United States Could Punish Chinese Officials For Claims From South China Sea


Chinese Navy crew members stand guard on the deck of the EPL Chinese Navy ship on May 23, 2014.

Soe Than Win | AFP | fake pictures

WASHINGTON – The nation’s top diplomat for East Asia said in remarks Tuesday that the Trump administration could use sanctions to attack the actions of Chinese officials in the much-disputed South China Sea.

“Nothing is off the table,” said David Stilwell, deputy secretary of state for the Office for East Asia and Pacific Affairs, when asked if the United States would consider using sanctions to stop China.

“There is room for that and this is a language that China understands, demonstrable and tangible action,” he told a virtual audience at the Center for Strategic and International Studies.

“Wherever it is, Beijing increasingly wants to claim, coerce and control. By its nature, it cannot accept a pluralistic world with fundamental freedoms of choice and conscience,” Stilwell said, adding that the United States’ participation in the region was simply enforcing existing law.

“This is cleaning. These are things that we should have done for a long time,” he said.

Stilwell’s comments follow in the footsteps of Secretary of State Mike Pompeo’s reprimand on Monday of Beijing’s “harassment campaign” in the South China Sea.

Pompeo said the United States would strengthen its position in the region and described most of China’s land claims in the disputed waters as illegal. “The world will not allow Beijing to treat the South China Sea as its maritime empire,” he said.

The Chinese embassy in Washington also said Monday that the United States was “giving its weight in all the seas of the world.”

“On the pretext of preserving stability, it is flexing muscles, causing tension and inciting confrontation in the region,” the statement said, adding that the United States “was not a country directly involved in the disputes” and was interfering.

The developing coronavirus health pandemic and mounting tensions in the South China Sea are the latest in a series of problems shaking the relationship between Washington and Beijing. The world’s two largest economies are engaged in a disruptive trade fight with intellectual property theft and cybersecurity, proving to be a major point of conflict between the two nations.

Last week, FBI Director Christopher Wray criticized the Chinese government for its use of espionage and cyber attacks against the United States. He said the Chinese campaign has been “one of the largest transfers of wealth in human history.”

The South China Sea, home to more than 200 specks of land, serves as a gateway to global shipping lanes where nearly $ 4 trillion of trade passes annually. More than $ 1 trillion of that amount is tied to the US market. The sea is also home to an estimated $ 2.6 trillion in recoverable offshore oil and gas.

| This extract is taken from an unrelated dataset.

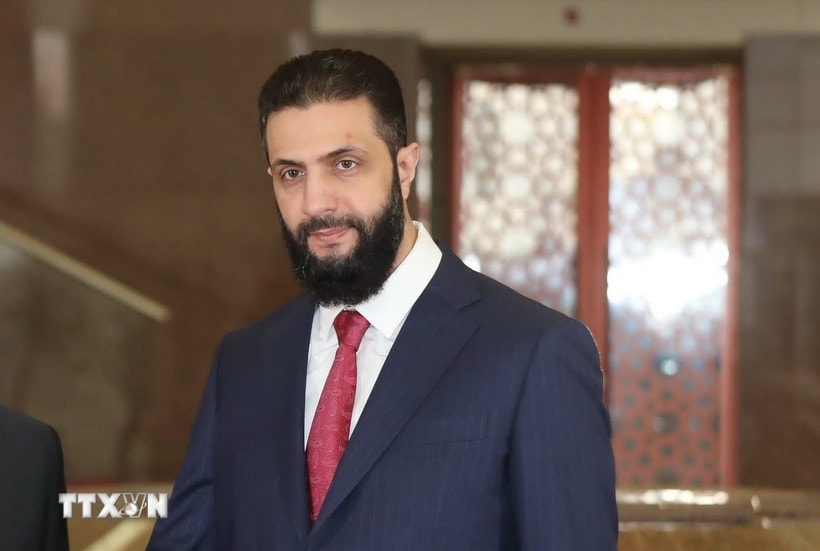 Tổng thống lâm thời Syria Ahmad al-Sharaa. (Ảnh: AA/TTXVN)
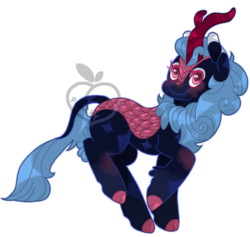 Size: 2320x2200 | Tagged: safe, artist:peachy-pea, oc, oc only, kirin, pony, high res, kirin oc, original character do not steal, solo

Five claimants, China, Malaysia, the Philippines, Taiwan and Vietnam, occupy nearly 70 disputed reefs and islets in the South China Sea. Over the years, plaintiffs have built and expanded approximately 90 outposts in these contested features.

The numerous overlapping sovereign claims on the land have made it a home for advanced military posts. Beijing has most of these land features, with approximately 27 outposts dotted throughout.

Beijing’s interest in developing the land through the South China Sea is by no means new.

China first took possession of the Fiery Cross Reef and Subi Reef in 1988 and has since equipped them with deep-water ports, airplane hangars, communication facilities, administrative offices and a 10,000-foot airstrip.

Satellite images show Fiery Cross Reef on the Spratly Islands on January 22, 2006 (left) and March 27, 2020 (right).

Asia Maritime Transparency Initiative | Center for Strategic and International Studies | Maxar Technologies

In May 2018, China quietly installed anti-ship cruise missiles and surface-to-air missile systems at three of its fortified posts in the western Philippines.

According to US intelligence reports, the facility marked the first Chinese missile deployments at Fiery Cross Reef, Subi Reef, and Mischief Reef on the Spratly Islands. The Spratlys, claimed by six countries, are located approximately two-thirds of the way from southern Vietnam to the southern Philippines.